Make sure that you apply powder, if you are prone to chafe.

If overheating or sweating is a problem, I highly recommend giving these a try:

Chilly Sport™ Cooling Neck & Head Band

I also brought along back patches and creams, as well as foot soak to use, as needed.


Find opportunities to give those tootsies a break!

You Are Worth It!

Did you know that being fat has nothing to do with your worth? Chant it if you have to, but know that your value is not diminished because of your weight.

We are dearly loved by God, each and every one of us. Whether we are drawn like Jessica Rabbit or waddle like Tweedle Dee, we matter!


…there is no partiality with him. (Ephesians 6:9)

4 thoughts on “

  1. FrozenMommy

    Thank you for writing this! I too was on the tylenol/motrin regimen on my trip. And I wish I had known about the turnstiles! The older ones in Fantasyland were trying to kill me! It’s tough but so worth it. =)
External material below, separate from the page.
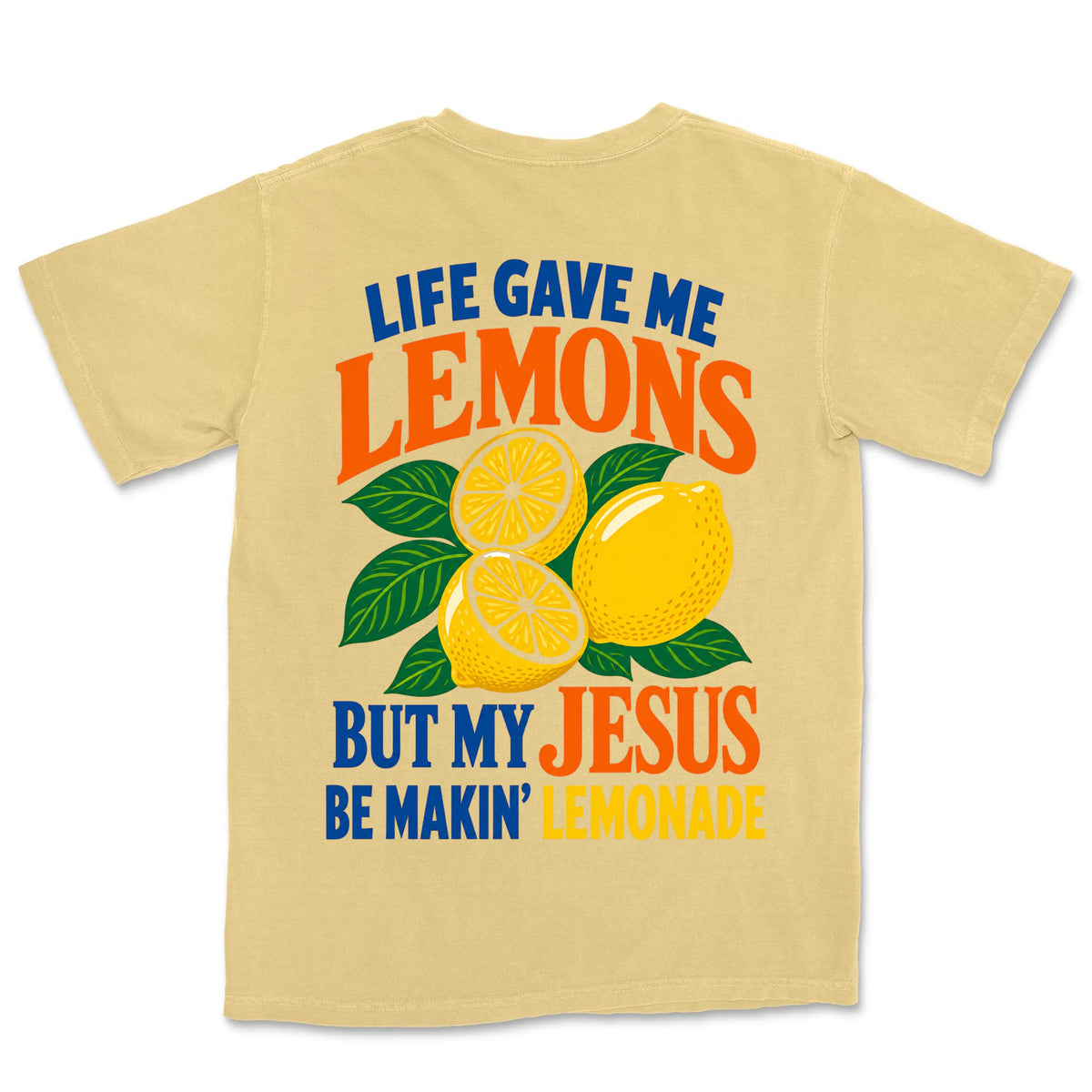 Jesus Makin Lemonade | Butter back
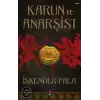 Karun ve Anarşist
    • So appreciate your comments! I agree, worth it every time, but tips can help a lot. I actually have a “part two” to this article coming up, so keep a look out :).

  2. barbijd92

    My problem at Disney isn’t my weight, I’m average (143) it’s my height, my leg length to be precise- I’m only 5’10, but my legs are a 37 1/2 inch inseam. Trying to sit with my legs in front of me on a ride can be challenging. I’ve learned to ask Cast Members “which seat has the most leg room”? Space Mountain and Astro Orbitor are tough for me, lead to some extremely ungraceful moments, practically fall trying to get out. One of my brothers is 6’10 with a 48 inch inseam- had an embarrassing situation on Mine Train Ride, his legs simply would not fit unless he put them in the seat next to him, Disney said no, he had to get off the ride. ;-(

    • Thanks for mentioning this painful problem, as well. I know Disney does their best to accommodate all sorts of sizes, but the reality is that we come in LOTS of different shapes…some are most definitely trickier than others. Can I get an amen for all of the ungraceful Astro Orbitor dismounts I’ve seen?! And I know exactly what you’re describing about the SDMT. That ride is particularly tight, unless you are closer in stature to one of Snow White’s actual dwarf friends. Thanks for taking the time to comment :).